Akasha on Oct 23rd 2006
This is an unusual day for me - instead of going elsewhere today the first thing I opened up in my browser was this page. I feel like updating this website, by gum! Well, it’s not like I haven’t been continually updating the website, actually. I’m almost a Nazi when it comes to my book list. Ever since I started that project I’ve been really conscious of the amount of books I read and the quality of the books I read. I think I have great taste in literature, much like I think I have great taste in music. However, everything is subjective when it comes to personal taste so others who look at my list and see nothing from say 19th century Industrialist England (well, there’s Dracula) would think I have a real shitty taste in books.
In any event, regardless of what you think of my tastes, I quite enjoy my little list. It’s certainly not definitive but it’s got most of what I’ve read in the past year or so. I wish it were longer but it wasn’t until recently that I paid off my library fines and began taking books out again. Beforehand, I was so sure that I had a $40 fine that I just continued to buy books. I rationalized the spending by explaining to anyone who questioned it that I was building my own library, thank you very much.

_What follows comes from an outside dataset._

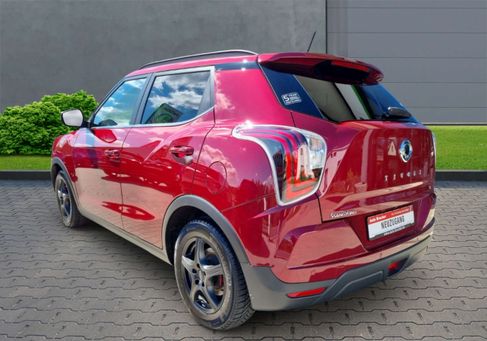 Ssangyong Tivoli, 2022 3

Onto more interesting topics, though. I had a lecture today in my African Diaspora class that I rather enjoyed despite the fact that we did not write any notes down. I wasn’t excited about going to the class because it’s the only one I have on Monday’s and the entire class takes a grand total of an hour whereas the commute is somewhere in the region of two to two and a half hours.
Despite my hesitance to go, I’m still glad I went cause I really like this professor. I’ve talked to other people in the class and they’re not thrilled by his lecturing style which is comprised of overheads (Oh God, the dreaded overheads!) and free-style lecturing. Tangents abound but I still enjoy it. Most often the tangents are still within the frame of the lecture anyway and every so often he gives us a glimpse into his past life.
I don’t often admit this but I’m intensely fascinated by Americans. Not just American bigheads, the ones we all know, but ordinary people in general. I like their accents and I like hearing their stories from their childhood in Missouri or California or Michigan or wherever because I’ve grown up with these ideas about Americans - everything’s larger than life, a melting pot of an American Dream where people are rude and ambitious and sometimes even downtrodden. It’s all a mishmash in my mind and when I get to meet actual Americans I just drink in whatever they have to say. Perhaps when I one day visit the US of A I’ll stop being so googly-eyed but until then, whatever. I like hearing stories from Newfoundland, too, so it’s not just one country. Heck, it doesn’t even matter where you’re from. If it’s not Hamilton, Ontario, I’ll totally listen to your life story, pal.
I wish I could sit down with him and listen to his lifestory cause every time he gives us a glimpse into it I want him to stop lecturing and tell me more.